Although the King James Version renders the Hebrew name of this bird as “cuckow” (cuckoo), this translation has generally been abandoned in favor of sea gull (sometimes called sea mew). (See CUCKOO.) Some lexicographers understand the name to be derived from a root meaning “be thin, slender, or lean,” which might describe the gull from the standpoint of its trim appearance and the relative narrowness of the body as compared with the long, pointed wings. Others believe the Hebrew name shaʹchaph is in imitation of the shrill cry made by this generally noisy bird. The older versions (LXX, Vg) also understood it to refer to the seagoing gull. The Hebrew term shaʹchaph may be understood to be a generic term for a web-footed seabird resembling a gull. This group includes the true gulls, terns, skimmers, and skuas.
Gulls, members of the family Laridae, are generally powerful fliers, and in addition to swimming well, they rest and even sleep on the water. The gull alternately flaps its wings, soars, wheels, and glides downward to pick up food in the form of fish, insects, and practically any kind of offal and garbage (thus serving as a valuable scavenger in ports and harbors). Herring gulls carry mussels or other mollusks up into the air and then drop them on rocks to break them open and make possible the eating of their contents. Despite its avid appetite for carrion, the gull is exceptionally clean in its habits.
Several varieties of gulls, including the herring gull (Larus argentatus) and different types of the black-headed gull (Larus ridibundus), are found in Palestine along the Mediterranean seacoast and around the Sea of Galilee. Their color is usually white, though the back and upper side of the wings may be a pearl gray. The bill is strong and slightly curved. They usually live in colonies, nesting on cliff ledges or along the shores.
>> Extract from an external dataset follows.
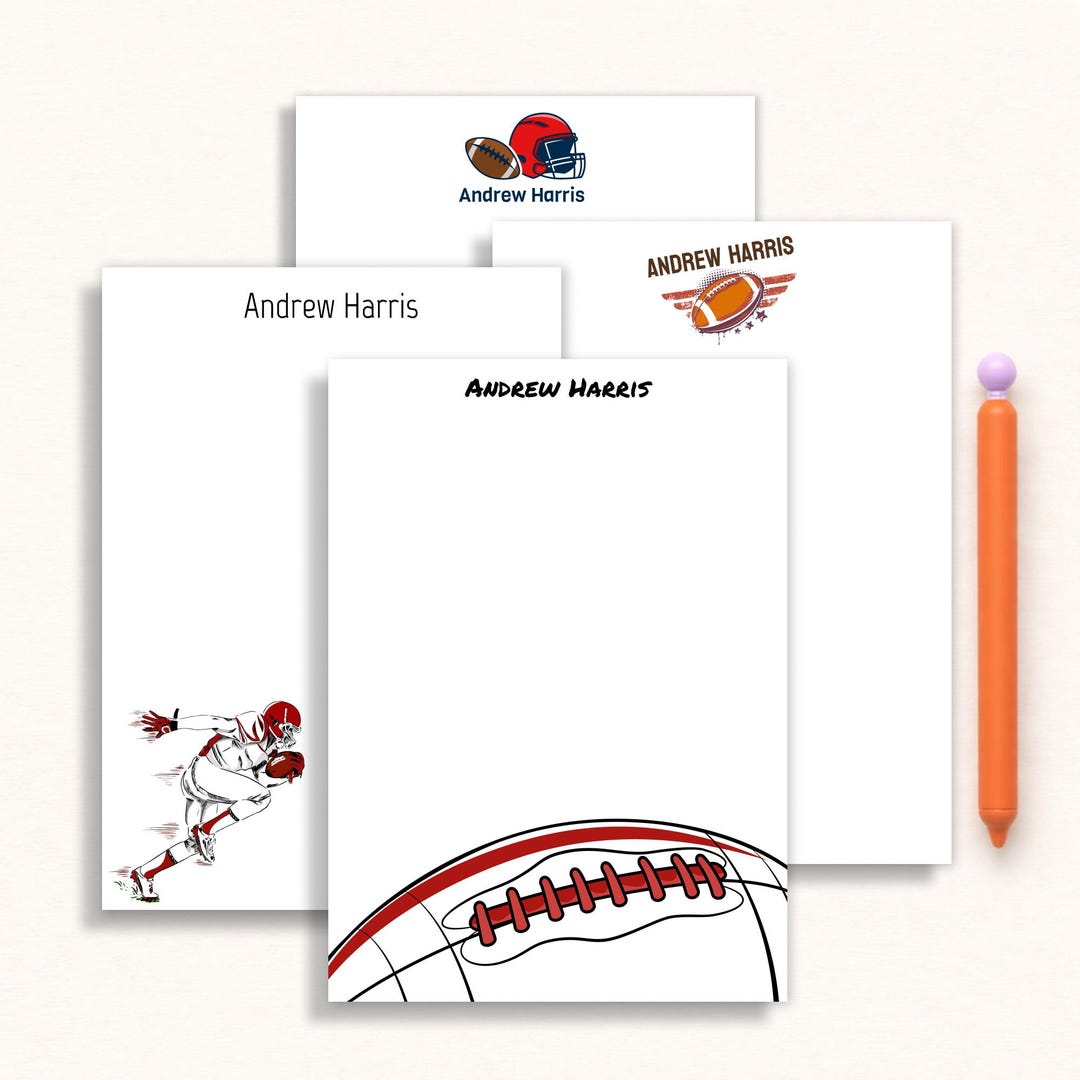 Personalized Football Notepad - Custom Name Sports Notepad - Football ...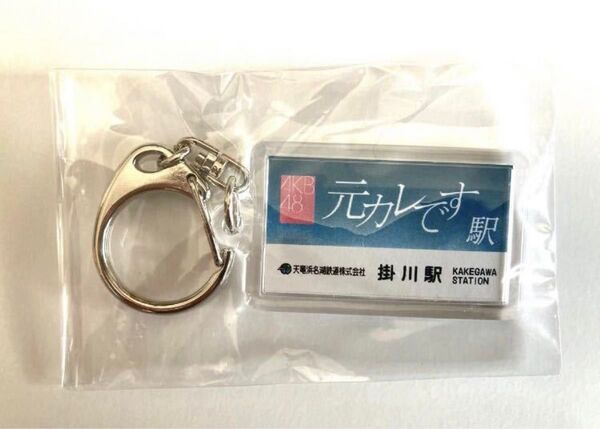 【AKB48コラボ】メンバー命名:駅名看板 キーホルダー 元カレです駅 掛川駅 天竜浜名湖鉄道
Ranging in body size from that of a pigeon up to some 76 cm (30 in) in length, the gull’s wingspan may be as much as 1.5 m (5 ft) across. A restless and seemingly tireless bird, the gull is able to continue flying even in stormy gales. Its abundant and overlapping feathers, as many as 6,544 being counted on a single large gull, keep the body warm and dry during sustained periods of rest in the water.
The tern, a member of the family Sternidae, is also abundant on Palestine’s shores. It has a leaner body than the gull, is not a carrion eater, and has a forked tail and long tapering wings that are narrower than those of the gulls. Most terns are white, though generally wearing a black or gray cap. Feeding mainly on small fish, the tern hovers about and then darts quickly into the water with its long, straight, slender bill pointed downward to seize its prey. The tern is the greatest long-distance migrator of all birds, the arctic tern (Sterna paradisaea) covering as much as 35,400 km (22,000 mi) annually. Some terns, however, prefer the coastal waters of the warmer regions. Their rapid-moving, very graceful flight has earned them the name of swallows of the sea.
Like the falcon and the ibis, the gull was viewed as a sacred bird in ancient Egypt.